Introduction to Processes and Threads

Workers, warehouses, and why your computer can do many things at once

Author

Karsten Naert

Published

February 9, 2026

Introduction

Before we can build anything resembling a REST API, we need to understand what’s happening underneath—how your operating system juggles multiple programs, and how Python can participate in that juggling act.

This is the first lecture in a five-part series:

  1. Processes and Threads (you are here)
  2. Multiprocessing and Multithreading in practice
  3. Interprocess Communication and Sockets
  4. Client-Server Architectures and RESTful APIs
  5. Async Programming, Event Loops, and ASGI

We’ll start at the very bottom—what is a process?—and work our way up to building real networked applications.

What Is a Process?

Open Task Manager on Windows (Ctrl+Shift+Escape). You’ll see a list of everything your computer is currently running: your browser, Spotify, VS Code, maybe a few dozen background services. Each of those is a process.

A process is, in simplified terms:

  • A chunk of memory where the program’s code lives
  • Another chunk of memory that the program is allowed to use
  • A set of resources managed by the operating system (file handles, network connections, etc.)

Every process is isolated. If one process tries to touch memory it doesn’t own, the operating system kills it. This is the infamous segmentation fault. In Python, you’re protected from this unless you’re doing something exotic with C extensions.

Every process gets a unique PID (Process ID). You can find your current Python process’s PID with os.getpid():

import os

my_pid = os.getpid()
print(f"My PID is {my_pid}")

But os only tells us so much. For the real detective work, we bring in psutil.

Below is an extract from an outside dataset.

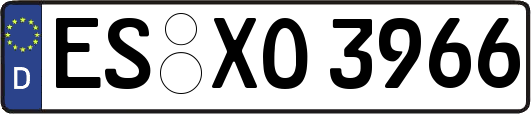 ES-XO3966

Exploring Processes with psutil

psutil (process and system utilities) is a third-party library that gives you access to a wealth of information about running processes. Install it with:

pip install psutil

Let’s see what we can learn about our own process:

import psutil
import os

my_pid = os.getpid()
me = psutil.Process(my_pid)

print(f"PID:        {me.pid}")
print(f"Name:       {me.name()}")
print(f"Executable: {me.exe()}")
print(f"Cmdline:    {me.cmdline()}")
print(f"Memory:     {me.memory_info().rss / 1024 / 1024:.1f} MB")
Try it yourself

Run this code from different environments—a plain CMD terminal, VS Code’s integrated terminal, Jupyter Lab. Compare the output. You’ll notice the exe() and cmdline() differ depending on how Python was launched.

Parent–Child Relationships

Processes don’t just appear out of thin air. Every process is created by another process—its parent. You can walk up the family tree:

import psutil
import os

current = psutil.Process(os.getpid())
while current is not None:
    print(f"PID {current.pid:>6}  {current.name()}")
    current = current.parent()

On Windows, you’ll typically see something like:

PID  12345  python.exe
PID   6789  cmd.exe
PID   1234  explorer.exe
PID      0  System Idle Process

This tells a story: Explorer spawned CMD, CMD spawned Python. The operating system is a tree of processes, all the way down to the root.

What Else Can psutil Do?

Quite a lot. Here’s a sampler:

import psutil

me = psutil.Process()

# Files this process has open
for f in me.open_files():
    print(f.path)

# Memory maps (which DLLs/shared libraries are loaded)
for m in me.memory_maps()[:5]:
    print(m.path)

You can also iterate over all processes on the system:

import psutil

# Top 5 processes by memory usage
procs = []
for p in psutil.process_iter(['pid', 'name', 'memory_percent']):
    try:
        procs.append(p.info)
    except psutil.NoSuchProcess:
        pass

top5 = sorted(procs, key=lambda x: x['memory_percent'], reverse=True)[:5]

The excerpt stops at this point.